═══ Provided data

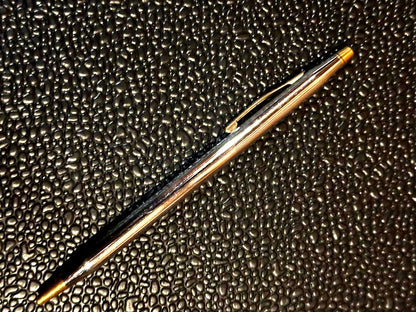 Cross ballpoint pen with silver and gold body, dark blue ink, made in USA, showing signs of use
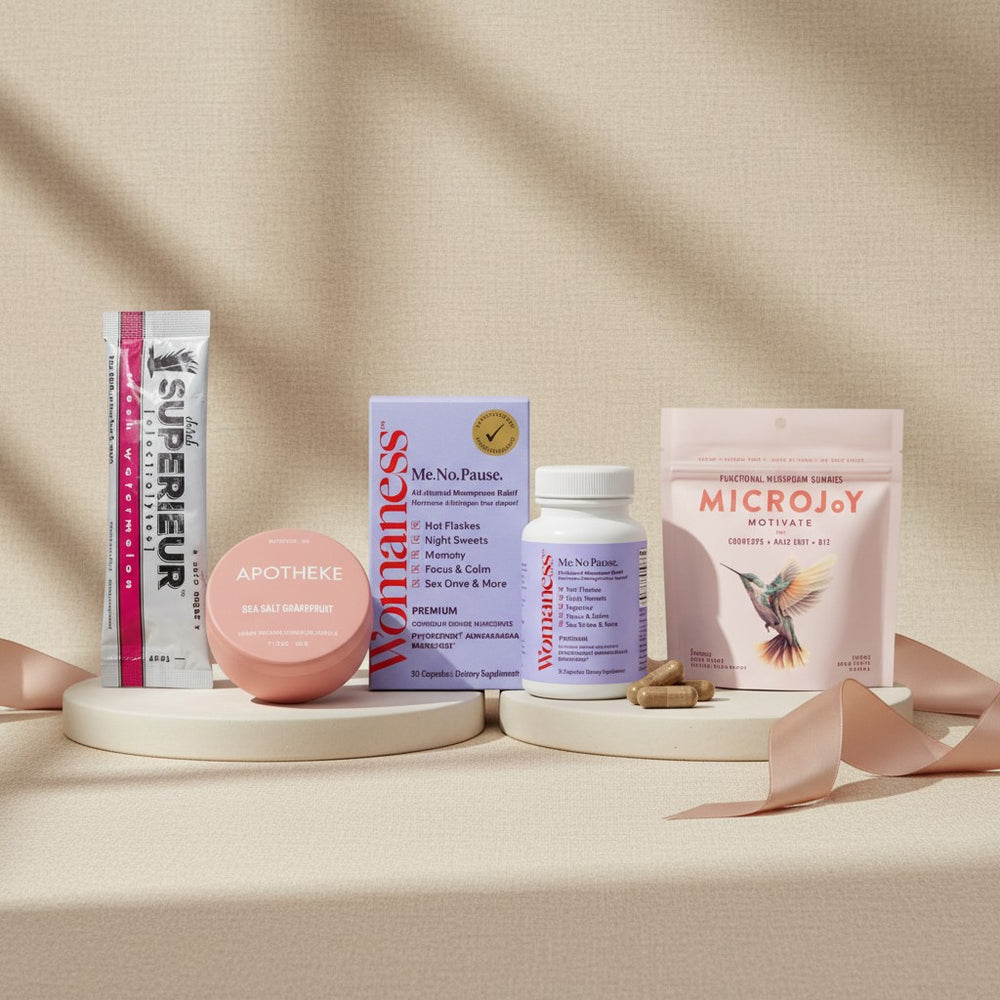 The Menopause Collection featuring Superieur strips, Apotheke Sea Salt Grapefruit balm tin, Womaness Me No Pause vitamins, and MicroJoy Motivate mushroom gummies arranged on platforms with ribbon on neutral background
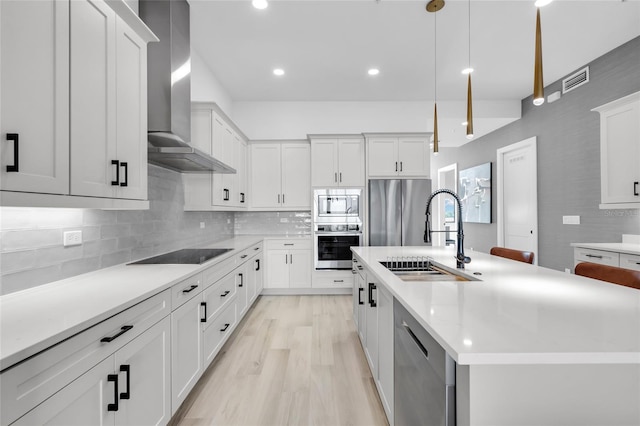 kitchen with a kitchen island with sink, sink, wall chimney exhaust hood, decorative light fixtures, and stainless steel appliances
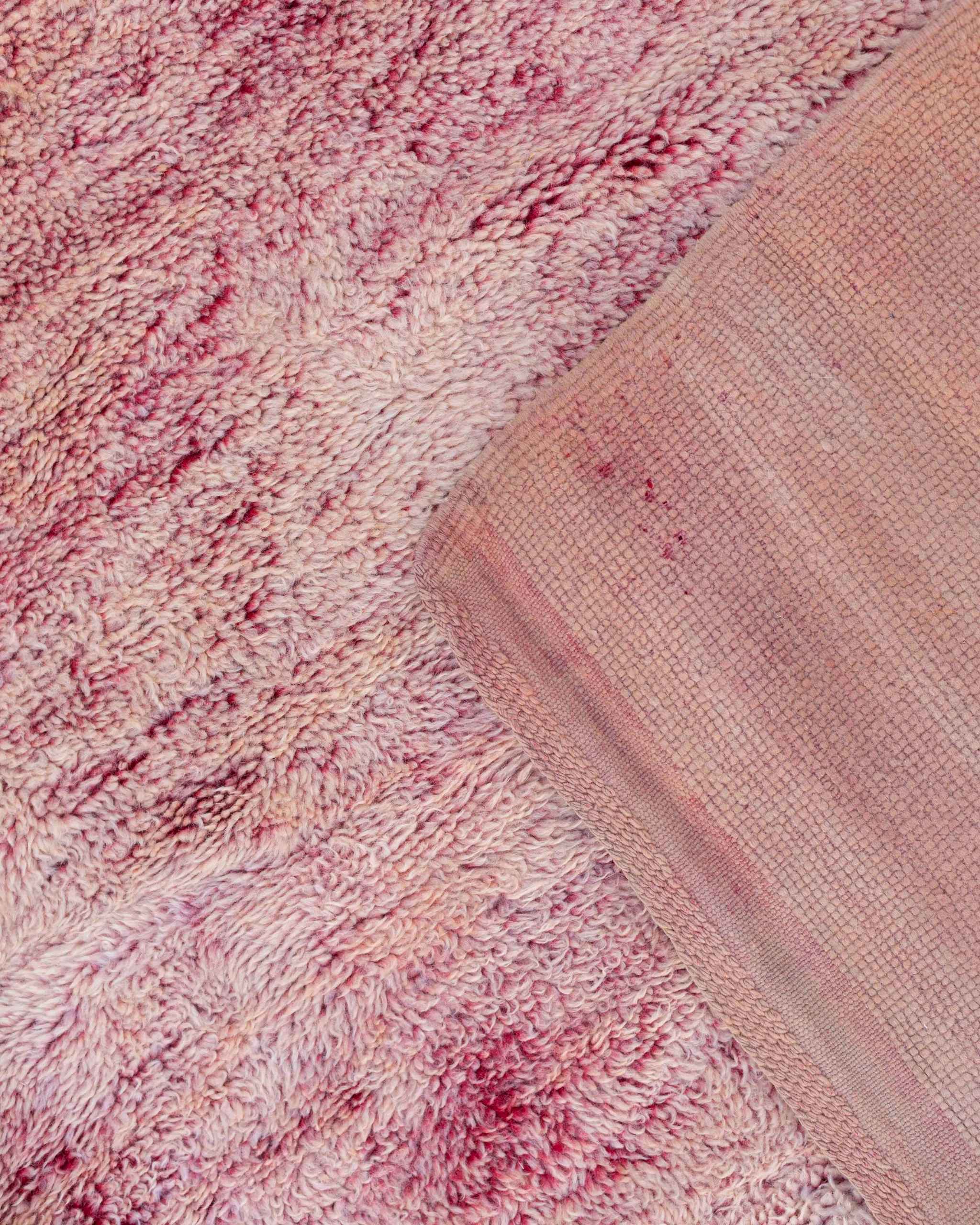 Dettaglio del tappeto rosa mélange pesca, cipria e lampone con vello medio-lungo morbido, retro a nodi fitti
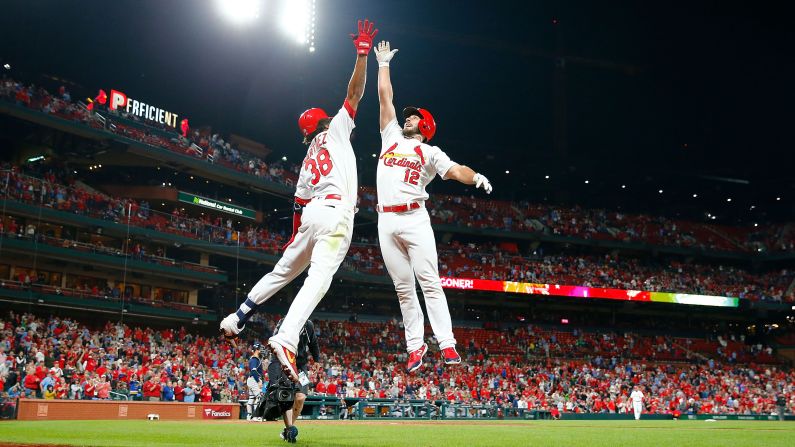 José Martínez of the St. Louis Cardinals, left, congratulates teammate Paul DeJong after he hit a home run against the Milwaukee Brewers in the eighth inning at Busch Stadium in St. Louis, Missouri, on Tuesday, April 23.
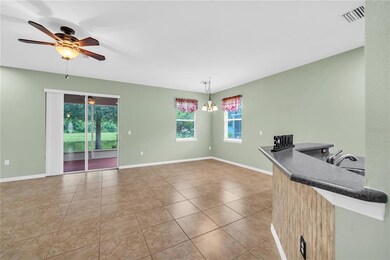ENTRY INTO GREAT ROOM WITH TILE FLOORING AND CEILI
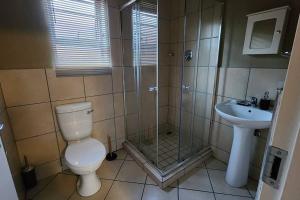 a bathroom with a shower and a toilet and a sink at @LloydsII in Ermelo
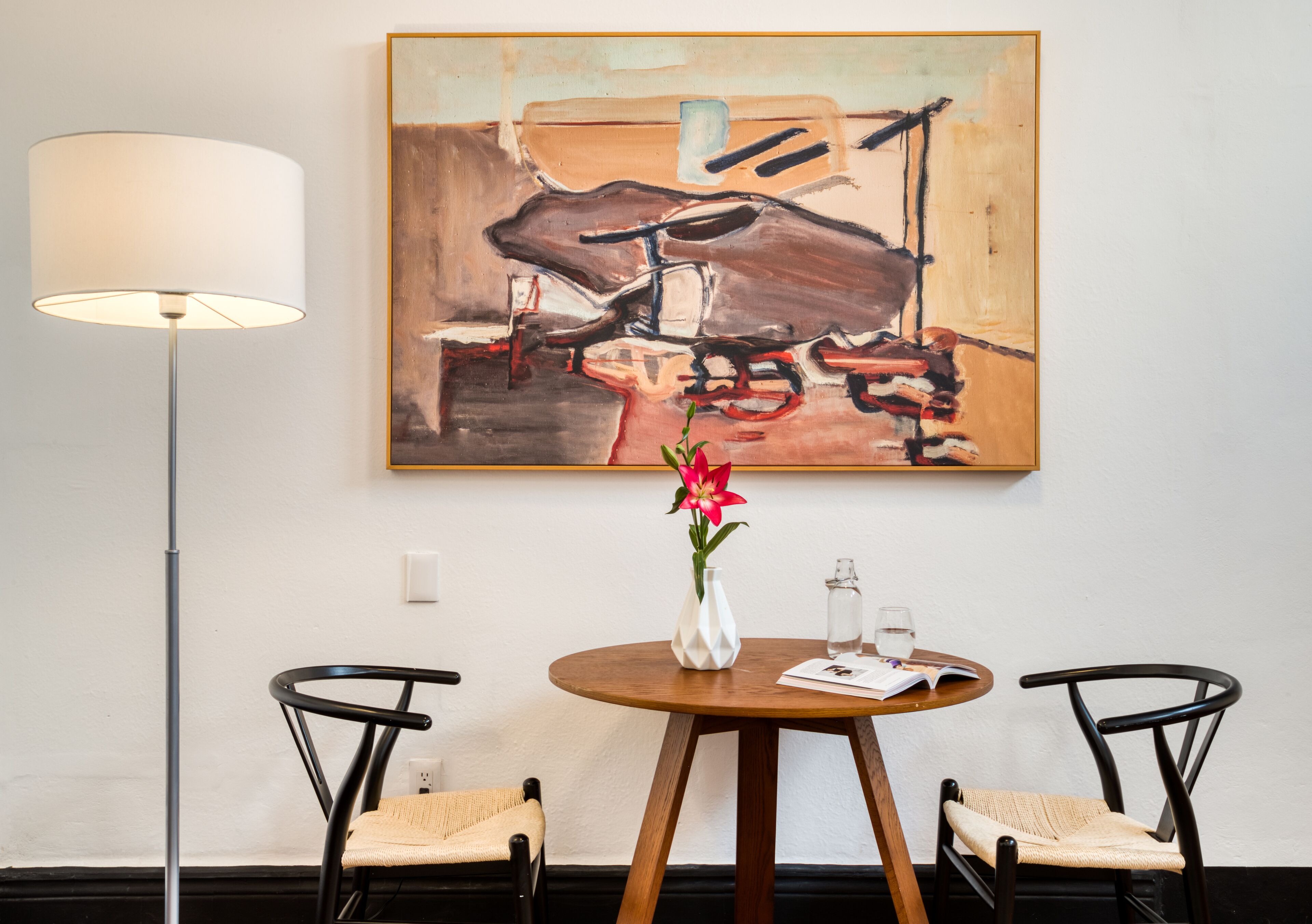 Een kamer met een ronde houten tafel, twee zwarte stoelen, een witte vaas met bloemen, een lamp en een schilderij aan de muur.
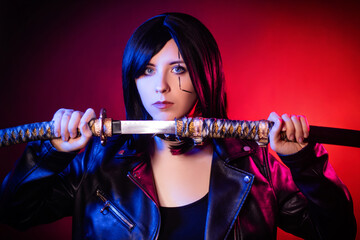 Portrait of a young woman with a bob hairstyle in a black leather jacket with a katana in her hands posing isolated on a dark background with red backlights, cyberpunk concept. © Михаил Гута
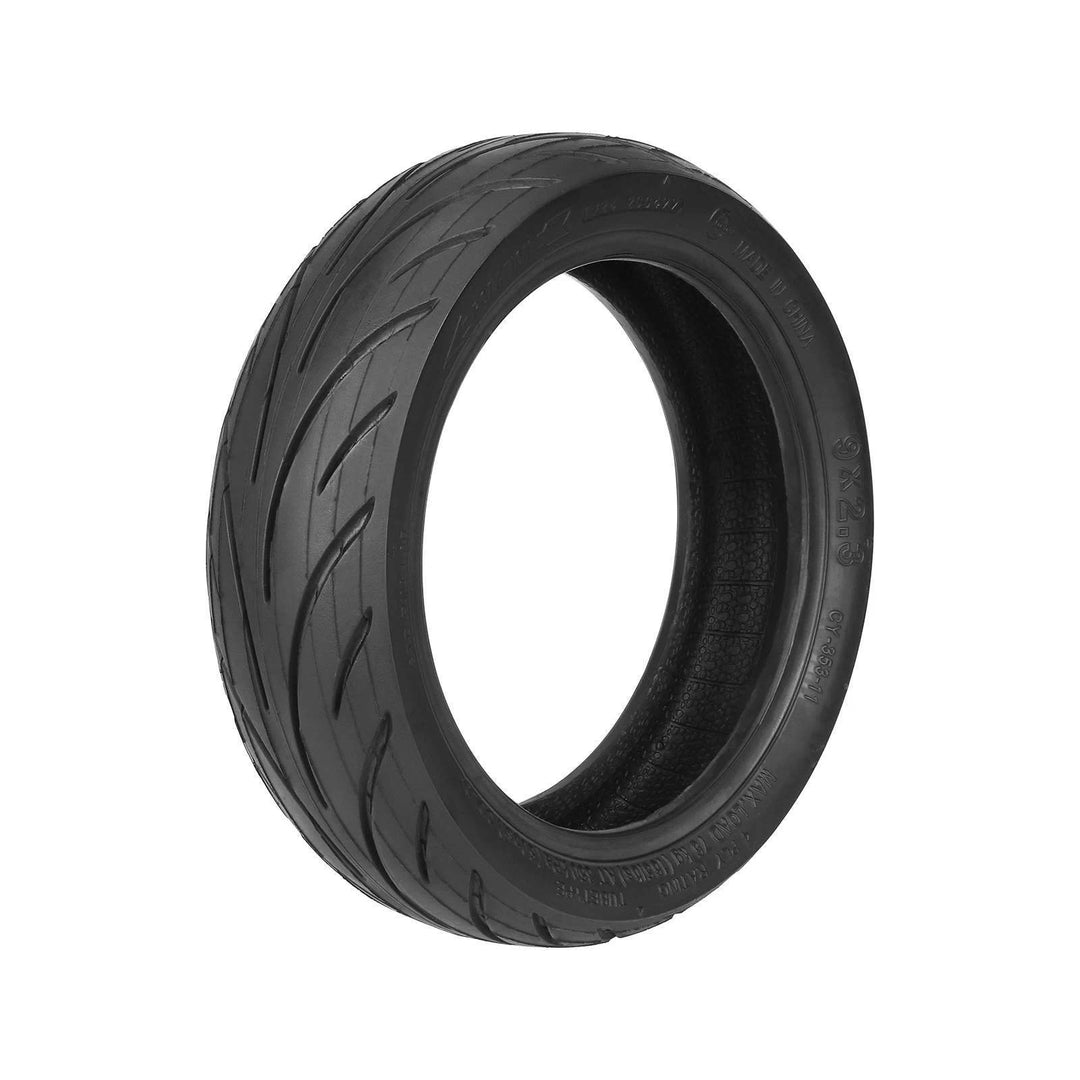 Reverse angle of Yuanxing 9x2.3 tyre showing tread and sidewall size marking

══════

What you write out is the stretch of entries from the line containing "kitchen with a" to the line containing "ENTRY INTO GREAT", word for word, with both end lines and no pictures.

Exercise output
 kitchen with a kitchen island with sink, sink, wall chimney exhaust hood, decorative light fixtures, and stainless steel appliances
 Dettaglio del tappeto rosa mélange pesca, cipria e lampone con vello medio-lungo morbido, retro a nodi fitti
 José Martínez of the St. Louis Cardinals, left, congratulates teammate Paul DeJong after he hit a home run against the Milwaukee Brewers in the eighth inning at Busch Stadium in St. Louis, Missouri, on Tuesday, April 23.
ENTRY INTO GREAT ROOM WITH TILE FLOORING AND CEILI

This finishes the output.